● **HOW TO COMPLETE THIS TASK**
The material below holds the lines to copy: from the one with "Buddha Weekly Close" up to and including the one with "Genç hastaya kalça". Copy them exactly and skip the pictures.

● **PROVIDED RECORDS**
BEGIN

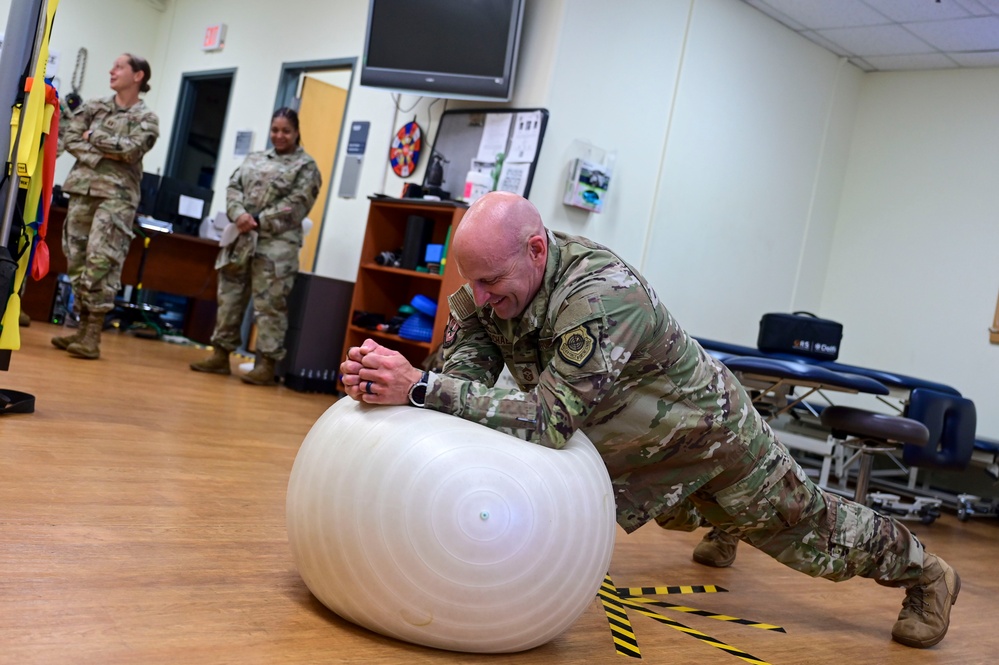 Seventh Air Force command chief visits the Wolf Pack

END
BEGIN

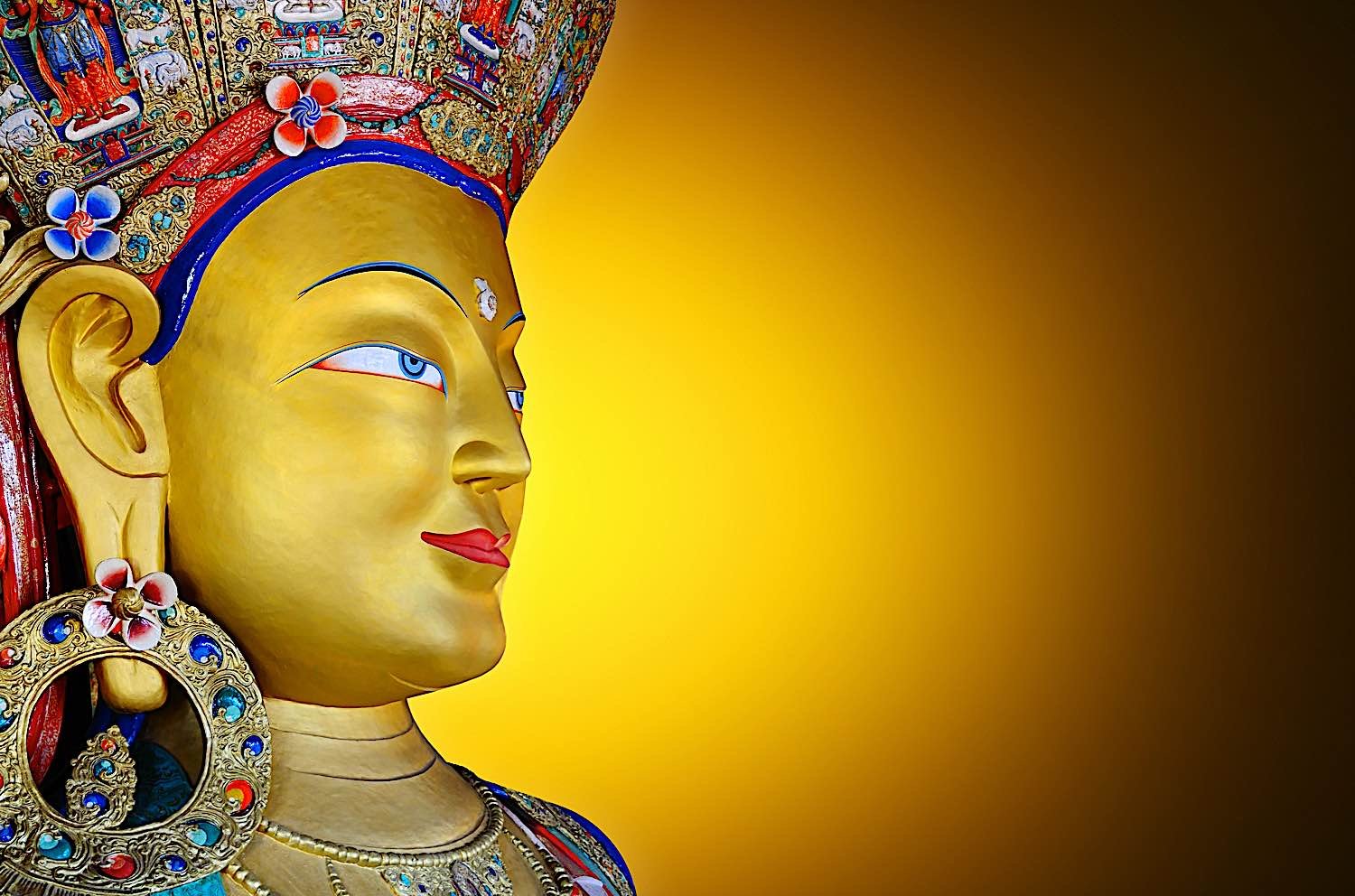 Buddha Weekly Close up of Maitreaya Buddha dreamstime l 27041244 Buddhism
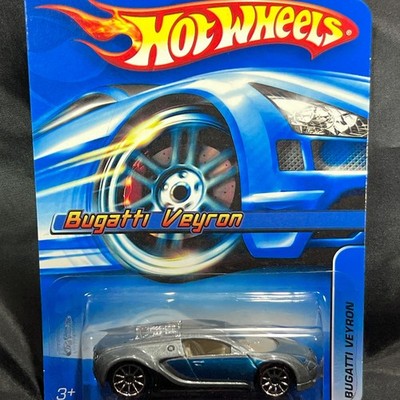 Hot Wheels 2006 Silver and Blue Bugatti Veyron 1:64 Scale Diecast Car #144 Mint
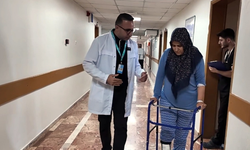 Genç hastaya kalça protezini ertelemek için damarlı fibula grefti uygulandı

END

● **TASK OUTPUT**
 Buddha Weekly Close up of Maitreaya Buddha dreamstime l 27041244 Buddhism
 Hot Wheels 2006 Silver and Blue Bugatti Veyron 1:64 Scale Diecast Car #144 Mint
 Genç hastaya kalça protezini ertelemek için damarlı fibula grefti uygulandı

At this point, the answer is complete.